Taking a cue from a bourgeoning efforts to transform juvenile probation supervision, a group of justice reformers and agency leaders from across the country hopes to lower the nation’s reliance on adult probation and parole to provide what some call “mass supervision.”
Comprised of more than 50 current and former probation and parole chiefs, EXiT: Executives Transforming Probation and Parole is designed to shrink a major gateway to incarceration. According to 2016 numbers, there are about 4.5 million Americans on probation or parole, more than double the number of people incarcerated in prisons and jails. Violations of probation and parole are major drivers of incarceration — nearly one in four people in state prisons are incarcerated due to a supervision violation at a cost of $2.5 billion, according to a report from the Council of State Governments.

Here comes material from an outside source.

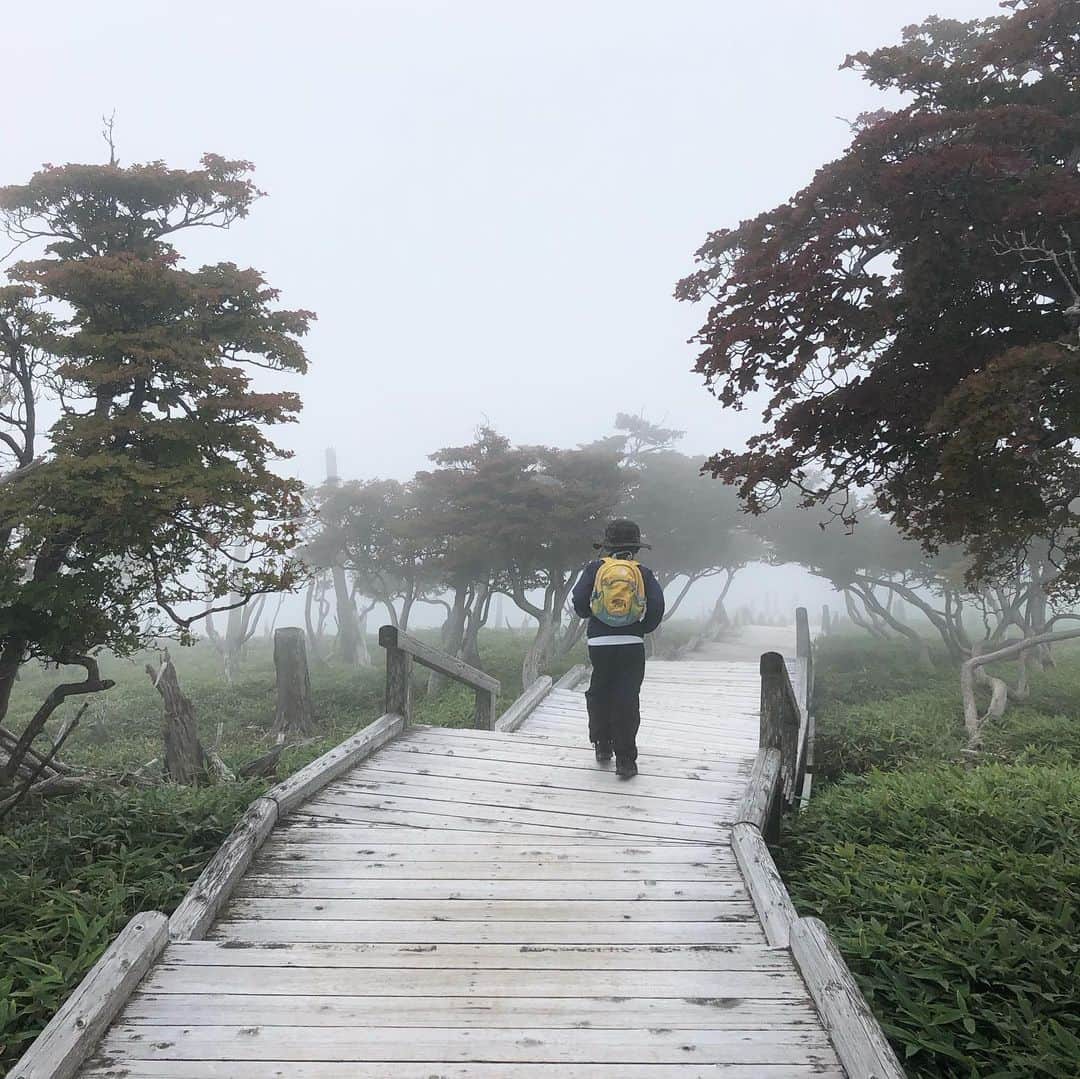 外村久美子さんのインスタグラム写真 - (外村久美子Instagram)「・ 日本有数の雨の場所。 今回も濃霧。 でもそれが幻想的な雰囲気を更に演出して好きな🏔 大蛇ぐらは、初の晴天で絶景✨ 年間20人くらい転落してるとかしてないとか。。 #大台ヶ原」8月30日 20時05分 - kummy153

Joining forces with many probation and parole leaders are several criminal justice reform leaders, including Van Jones, CNN commentator and founder of the REFORM alliance. The effort has the support of Arnold Ventures, Galaxy Gives and the Tikkun Olam Foundation.
Vincent Schiraldi, part of the EXiT group and co-director of the Columbia Justice Lab, calls this a good time to re-examine the role of probation and parole in the criminal justice system, programs that were originally designed as ways to avoid incarceration and boost rehabilitation.
“Right now, it’s too big to succeed,” said Schiraldi, a former commissioner of the New York City Department of Probation. “We need to make it smaller, make it tighter, make it more focused and more rehabilitative. With the savings we would garner from not sending those people to prison, we can pay for all sorts of programs.”
Examining the role of mass supervision is now receiving a growing amount of scrutiny. In 2017, rapper Meek Mill’s high-profile story of lock-up after a probation violation sparked a conversation about criminal justice reform that included celebrities from the world of sports and entertainment. Earlier this year, Patriots owner Robert Kraft joined with Mill and Jay-Z to launch an initiative that seeks to address the growth of parole and probation. In 2017, a brief from the Pew Charitable Trusts in collaboration with the Laura and John Arnold Foundation gathered important data and noted several state practices that have been successful in reducing the probation and parole rolls, which has led to $392 million in averted costs.
According to Schiraldi, examining the issue of mass supervision is now where mass incarceration was 10 years ago. But in promoting reform, the effort also hopes to take a page from recent juvenile probation reform efforts. In 2018, the Annie E. Casey Foundation released a report detailing how research on adolescent brain development has led to changes in practice, including a shift away from traditional, surveillance-oriented probation efforts. Los Angeles County, home to the largest county-run juvenile justice system in the country, is now contemplating leaving behind probation entirely, in favor of other departments with a greater health focus.
“I think in both corrections and probation, the juvenile side is ahead of the adult side,” Schiraldi said. “Juvenile incarceration rates have dropped by more than half since their peak, whereas adult prisons have dropped only a little bit.”
Schiraldi lauded the work of the Casey Foundation in bringing many juvenile probation leaders and prompting conversations about avenues for reform.
“We hope that EXiT will be that vehicle for larger probation and parole systems,” he said.
On Monday, at a meeting of the American Probation and Parole Association Annual Training Institute in San Francisco, Schiraldi and Barbara Broderick, chief probation officer for Maricopa County in Arizona, will field questions about the initiative. Jones and San Francisco District Attorney George Gascón will also answer questions.
The Chronicle of Social Change will livestream the event, starting at 10:30 a.m. Pacific time Monday.